Eine Person, die das Ritual mit viel Erfahrung leitet, gibt Sicherheit. Der oder die durch die einzelnen Elemente führt (Worte, Musik, Stille, rituelle Handlungen wie das Entzünden einer Kerze, das Niederlegen der Blumen). Manchmal entstehen im Trauergespräch auch Ideen für besondere Rituale, die genau zu Ihrem verstorbenen Menschen passen. Das sind dann oft die Momente, an die sich Trauergäste oft nach Jahren noch erinnern. Ein guter Trauerredner, eine gute Trauerrednerin hat hier aufgrund langjähriger Erfahrung, was funktioniert und was nicht, viele Ideen für Sie.

(7) Datenschutz ist nicht garantiert

Die Informationen, die in KI-Tools eingegeben werden, können gespeichert oder weiterverwendet werden.
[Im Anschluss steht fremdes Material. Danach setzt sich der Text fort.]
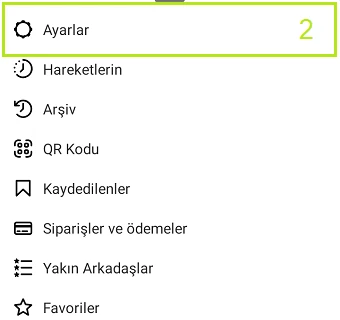 Instagramda Çevrimdışı Nasıl Olunur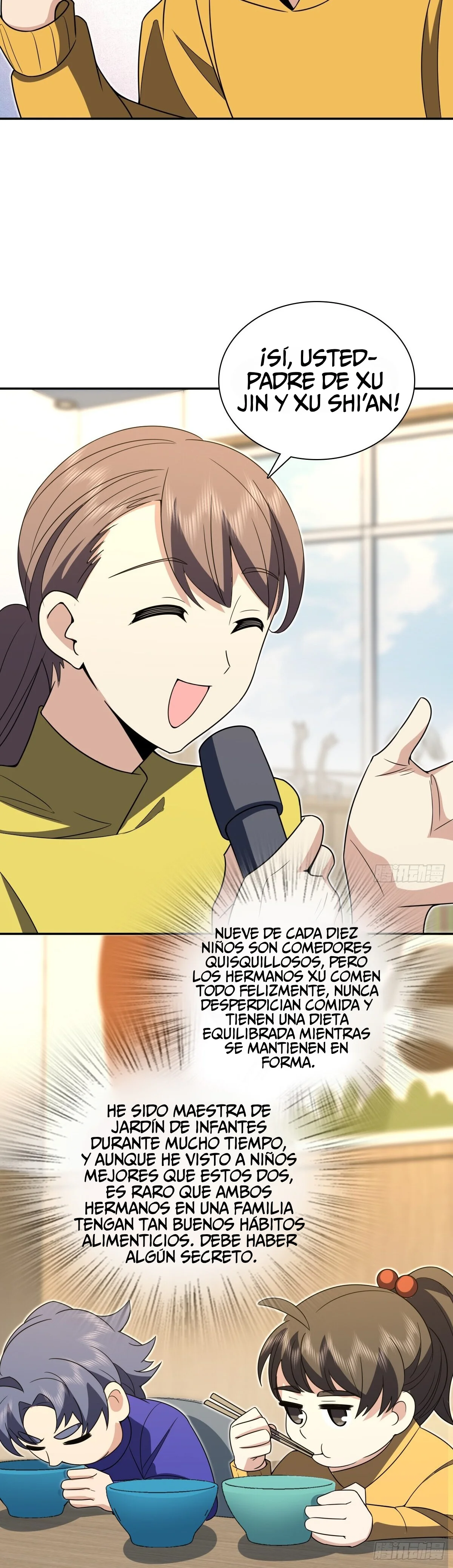 Mi Esposa Es De Hace Mil Años Capítulo 363 - Page 22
Persönliche Details über einen verstorbenen Menschen und die Familie gehören nicht auf Server fremder Unternehmen. Es geht auch hier um Würde – über den Tod hinaus. Sollten Sie also eine Trauerrede per KI erstellen wollen, geben Sie bitte keine persönlichen Daten ein, sondern verwenden andere Namen, die dann im fertigen Dokument ersetzt werden.
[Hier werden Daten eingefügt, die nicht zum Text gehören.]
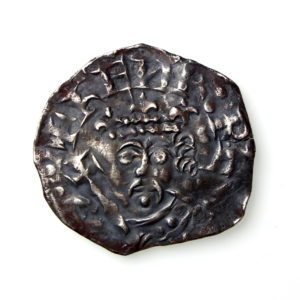 Henry II Silver Tealby Penny 1154-1189AD Ipswich mint Exceptional -20095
Gerade auch bei schwierigen Familienkonstellationen, Spannungen, Entfremdung von Familienangehörigen, die aber bei der Feier sein werden, ambivalenten Lebensentscheidungen des verstorbenen Menschen, Alkoholmissbrauch, Drogen oder dramatischen Todesumständen dürfen Sie bei mir sicher sein, dass alles, was Sie mir erzählen, vollkommen vertraulich behandelt wird. Und dass ich meine Worte für die Trauerfeier wirklich auf die Goldwage lege, damit die Rede wahrhaftig sein kann, aber dennoch nicht alles gesagt werden muss, was im Gespräch Thema war. Hier ist menschliches Fingerspitzengefühl unverzichtbar.

(8) KI liefert oft Kitsch

Warum ist das so? Sie müssen sich vorstellen, dass KI auf die gesammelten Texte des Internets zugreift. Ein Text wird dadurch erstellt, dass das nächste Wort im Text immer das nächstwahrscheinliche ist. So werden natürlich auch Worthülsen und Phrasen in die Texte übertragen, genau das, was gute Redner zu vermeiden suchen. Viele der vorliegenden Texte im Netz sind Englisch. Wenn man Englisch eins zu eins ins Deutsche überträgt, dann ist die Tonalität oft zu übertrieben. Die deutsche Sprache ist sachlicher, auch bei emotionalen Texten. Noch hört man den durch KI erstellten Texten das meist an.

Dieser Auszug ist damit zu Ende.